Si le mot “trans” renvoie encore essentiell­ement à des sites porno, une communauté gay fleurit alors sur le net. Bradley se fait des amis en ligne, sans savoir à quoi ils ressemblen­t. In real life, sa vie est plus glauque. La nouvelle femme de son père le déteste. Un jour, elle appelle les flics à son sujet. Le jeune homme emprunte le petit van rouge du paternel et met les bouts. Sur la route, sans le sou, entre camps pour SDF et nuits passées dans le van. Souvent, il se fait réveiller par la lampe torche d’un policier qui lui crie : “Bouge pas, espèce de taré !” “Une expérience trop courante, aujourd’hui encore, pour les jeunes trans et queer”, déplore Chelsea depuis sa prison.

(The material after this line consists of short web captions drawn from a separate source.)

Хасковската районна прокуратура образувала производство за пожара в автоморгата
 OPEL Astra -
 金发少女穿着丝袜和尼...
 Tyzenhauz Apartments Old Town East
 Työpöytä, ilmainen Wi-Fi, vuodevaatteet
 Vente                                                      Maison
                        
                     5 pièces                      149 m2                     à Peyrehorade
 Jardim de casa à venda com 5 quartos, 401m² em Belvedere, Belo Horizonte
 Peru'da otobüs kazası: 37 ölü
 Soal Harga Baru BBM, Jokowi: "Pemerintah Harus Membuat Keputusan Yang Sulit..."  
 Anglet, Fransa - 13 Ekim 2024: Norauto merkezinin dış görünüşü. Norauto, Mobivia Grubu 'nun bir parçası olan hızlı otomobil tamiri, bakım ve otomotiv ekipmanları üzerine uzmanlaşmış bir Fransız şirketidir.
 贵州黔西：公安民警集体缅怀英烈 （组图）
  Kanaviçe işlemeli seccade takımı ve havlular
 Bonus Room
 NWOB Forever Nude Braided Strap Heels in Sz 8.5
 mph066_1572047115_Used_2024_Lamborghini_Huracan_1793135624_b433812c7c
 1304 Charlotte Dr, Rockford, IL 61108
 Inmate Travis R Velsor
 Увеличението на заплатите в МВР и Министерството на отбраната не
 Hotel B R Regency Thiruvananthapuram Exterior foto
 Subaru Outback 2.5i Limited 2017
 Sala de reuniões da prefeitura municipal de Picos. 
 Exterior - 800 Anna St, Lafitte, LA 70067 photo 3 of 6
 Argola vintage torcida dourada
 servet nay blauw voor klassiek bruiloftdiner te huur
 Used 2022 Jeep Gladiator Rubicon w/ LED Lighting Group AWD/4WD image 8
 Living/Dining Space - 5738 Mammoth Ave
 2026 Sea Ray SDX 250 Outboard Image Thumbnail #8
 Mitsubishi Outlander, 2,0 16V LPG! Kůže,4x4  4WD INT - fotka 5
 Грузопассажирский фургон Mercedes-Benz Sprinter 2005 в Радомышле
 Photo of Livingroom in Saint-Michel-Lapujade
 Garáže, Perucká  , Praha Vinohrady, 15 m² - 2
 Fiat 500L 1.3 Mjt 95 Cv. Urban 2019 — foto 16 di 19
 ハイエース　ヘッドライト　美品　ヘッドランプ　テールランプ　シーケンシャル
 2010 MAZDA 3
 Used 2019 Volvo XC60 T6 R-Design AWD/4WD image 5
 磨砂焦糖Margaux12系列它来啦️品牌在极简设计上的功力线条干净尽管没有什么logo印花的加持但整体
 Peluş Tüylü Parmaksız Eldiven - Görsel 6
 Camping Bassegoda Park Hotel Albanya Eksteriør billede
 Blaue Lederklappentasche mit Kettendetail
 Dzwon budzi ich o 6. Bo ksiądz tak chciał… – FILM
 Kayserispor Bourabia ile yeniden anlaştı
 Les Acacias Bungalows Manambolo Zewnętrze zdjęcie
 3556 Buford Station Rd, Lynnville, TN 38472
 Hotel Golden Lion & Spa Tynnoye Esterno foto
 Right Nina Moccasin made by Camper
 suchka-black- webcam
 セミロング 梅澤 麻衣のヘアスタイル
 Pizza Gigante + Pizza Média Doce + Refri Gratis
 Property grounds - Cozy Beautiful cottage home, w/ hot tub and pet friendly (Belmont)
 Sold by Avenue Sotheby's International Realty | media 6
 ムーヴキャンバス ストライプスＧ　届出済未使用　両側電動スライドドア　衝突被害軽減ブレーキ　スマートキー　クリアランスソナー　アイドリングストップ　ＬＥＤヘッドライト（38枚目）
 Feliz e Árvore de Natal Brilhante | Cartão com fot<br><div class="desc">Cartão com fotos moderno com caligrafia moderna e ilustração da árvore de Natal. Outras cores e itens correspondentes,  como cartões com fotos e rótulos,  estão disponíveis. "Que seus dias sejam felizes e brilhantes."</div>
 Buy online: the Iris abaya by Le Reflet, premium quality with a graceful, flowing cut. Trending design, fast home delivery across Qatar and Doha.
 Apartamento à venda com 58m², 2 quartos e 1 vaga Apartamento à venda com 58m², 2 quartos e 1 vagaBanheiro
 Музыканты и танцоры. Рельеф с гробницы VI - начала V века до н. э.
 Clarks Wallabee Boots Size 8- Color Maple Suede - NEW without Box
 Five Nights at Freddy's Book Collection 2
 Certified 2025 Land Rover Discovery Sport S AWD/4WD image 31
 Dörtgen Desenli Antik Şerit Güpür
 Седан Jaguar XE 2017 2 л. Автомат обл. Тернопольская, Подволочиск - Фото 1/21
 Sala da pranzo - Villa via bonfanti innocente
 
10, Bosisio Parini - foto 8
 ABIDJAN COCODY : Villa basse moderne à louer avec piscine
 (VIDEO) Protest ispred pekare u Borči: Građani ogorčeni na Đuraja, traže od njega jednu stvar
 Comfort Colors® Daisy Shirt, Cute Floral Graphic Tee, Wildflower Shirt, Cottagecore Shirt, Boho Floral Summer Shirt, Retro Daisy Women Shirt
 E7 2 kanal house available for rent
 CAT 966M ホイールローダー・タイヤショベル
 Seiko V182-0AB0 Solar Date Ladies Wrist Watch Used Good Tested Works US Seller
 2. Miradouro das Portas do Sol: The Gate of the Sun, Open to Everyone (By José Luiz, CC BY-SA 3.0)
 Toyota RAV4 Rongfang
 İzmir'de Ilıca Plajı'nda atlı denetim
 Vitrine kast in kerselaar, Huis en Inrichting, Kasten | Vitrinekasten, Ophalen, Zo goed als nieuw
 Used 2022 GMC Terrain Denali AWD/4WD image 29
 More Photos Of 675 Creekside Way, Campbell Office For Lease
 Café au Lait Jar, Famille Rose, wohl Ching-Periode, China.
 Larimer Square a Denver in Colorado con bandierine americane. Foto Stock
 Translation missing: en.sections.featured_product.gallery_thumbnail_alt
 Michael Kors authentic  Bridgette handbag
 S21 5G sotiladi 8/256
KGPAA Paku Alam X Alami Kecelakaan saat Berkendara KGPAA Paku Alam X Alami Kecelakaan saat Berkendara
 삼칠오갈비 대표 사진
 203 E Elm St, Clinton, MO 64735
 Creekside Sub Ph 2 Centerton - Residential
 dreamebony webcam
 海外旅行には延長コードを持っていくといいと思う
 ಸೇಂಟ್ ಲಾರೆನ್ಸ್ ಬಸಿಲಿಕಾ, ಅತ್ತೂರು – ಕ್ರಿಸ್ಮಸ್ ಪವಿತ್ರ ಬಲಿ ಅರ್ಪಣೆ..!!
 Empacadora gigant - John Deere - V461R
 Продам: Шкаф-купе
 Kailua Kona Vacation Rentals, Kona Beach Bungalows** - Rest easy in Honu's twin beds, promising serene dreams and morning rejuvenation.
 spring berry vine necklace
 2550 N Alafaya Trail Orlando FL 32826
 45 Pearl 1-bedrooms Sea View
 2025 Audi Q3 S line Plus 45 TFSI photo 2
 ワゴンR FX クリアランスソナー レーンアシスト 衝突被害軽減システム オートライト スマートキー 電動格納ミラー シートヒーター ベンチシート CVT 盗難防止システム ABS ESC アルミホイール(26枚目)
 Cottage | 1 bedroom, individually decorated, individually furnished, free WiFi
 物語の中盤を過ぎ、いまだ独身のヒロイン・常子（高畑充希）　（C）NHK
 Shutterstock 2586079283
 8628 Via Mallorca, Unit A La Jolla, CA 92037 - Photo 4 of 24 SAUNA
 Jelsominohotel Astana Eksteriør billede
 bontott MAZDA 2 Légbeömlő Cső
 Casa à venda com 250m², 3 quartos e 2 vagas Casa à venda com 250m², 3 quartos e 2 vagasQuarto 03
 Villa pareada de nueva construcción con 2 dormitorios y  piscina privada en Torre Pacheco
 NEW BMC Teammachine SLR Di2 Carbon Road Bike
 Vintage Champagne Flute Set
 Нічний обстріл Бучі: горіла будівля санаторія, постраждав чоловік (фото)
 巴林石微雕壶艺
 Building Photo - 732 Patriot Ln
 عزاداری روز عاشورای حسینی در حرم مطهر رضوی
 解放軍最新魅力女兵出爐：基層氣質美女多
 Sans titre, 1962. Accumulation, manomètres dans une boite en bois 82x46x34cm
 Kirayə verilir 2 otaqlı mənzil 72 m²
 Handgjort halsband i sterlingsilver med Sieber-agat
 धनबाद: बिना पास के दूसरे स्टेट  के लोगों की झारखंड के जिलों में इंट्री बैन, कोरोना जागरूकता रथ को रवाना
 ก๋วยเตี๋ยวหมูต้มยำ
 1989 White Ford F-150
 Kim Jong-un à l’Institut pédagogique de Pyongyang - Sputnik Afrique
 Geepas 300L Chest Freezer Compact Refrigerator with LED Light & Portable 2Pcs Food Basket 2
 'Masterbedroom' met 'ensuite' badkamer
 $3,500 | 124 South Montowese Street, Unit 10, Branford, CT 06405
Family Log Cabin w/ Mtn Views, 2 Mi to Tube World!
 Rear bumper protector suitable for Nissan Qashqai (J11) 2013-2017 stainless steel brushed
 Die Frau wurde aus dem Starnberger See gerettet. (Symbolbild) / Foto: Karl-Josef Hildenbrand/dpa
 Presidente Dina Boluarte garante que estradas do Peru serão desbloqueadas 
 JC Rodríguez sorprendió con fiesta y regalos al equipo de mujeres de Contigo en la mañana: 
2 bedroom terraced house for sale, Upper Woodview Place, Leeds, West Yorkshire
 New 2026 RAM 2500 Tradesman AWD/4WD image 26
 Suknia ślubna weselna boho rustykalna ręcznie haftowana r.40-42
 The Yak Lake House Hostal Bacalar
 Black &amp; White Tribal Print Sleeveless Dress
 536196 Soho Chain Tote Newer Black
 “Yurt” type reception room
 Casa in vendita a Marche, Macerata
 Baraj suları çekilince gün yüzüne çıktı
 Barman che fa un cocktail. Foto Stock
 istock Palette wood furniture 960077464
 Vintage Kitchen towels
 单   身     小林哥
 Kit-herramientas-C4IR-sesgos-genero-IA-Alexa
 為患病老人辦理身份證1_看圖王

En 2007, il décide de s’engager sous les drapeaux. Les combats font rage en Irak, CNN diffuse en boucle ces images de guerre. Bradley veut servir son pays. Il nourrit aussi l’espoir que l’armée le virilisera. Ce sera en fait un véritable calvaire. Un environnem­ent homophobe où, dès son arrivée, le sergent se moque de son téléphone portable rose. Bradley encaisse. Il confie à son voisin de chambre qu’il aime les hommes. “Ne m’adresse plus la parole”, lui répond celui-ci. Les journées sont dures, 12 à 14 heures non stop. Il s’échappe en ligne dès qu’il trouve une connexion correcte. Mais souffre d’insomnies et de dépression face aux morts absurdes de civils, d’enfants et de soldats.

Fin d’année 2010, le soldat Manning bénéficie d’une permission et rentre chez lui. Pour la première fois de sa vie, il ose aller au bout de son rêve : s’assumer en femme en public. C’est une matinée glaciale de janvier. Bradley revêt une jupe longue, une chemise blanche, une veste grise, un manteau pourpre et des bas nylons noirs. La jeune femme flâne, entre dans des boutiques, commande un café. “Je me sentais enfin moimême.” Chelsea est née. Quelques jours plus tard, elle doit redevenir “il”, remettre son uniforme et repartir au front.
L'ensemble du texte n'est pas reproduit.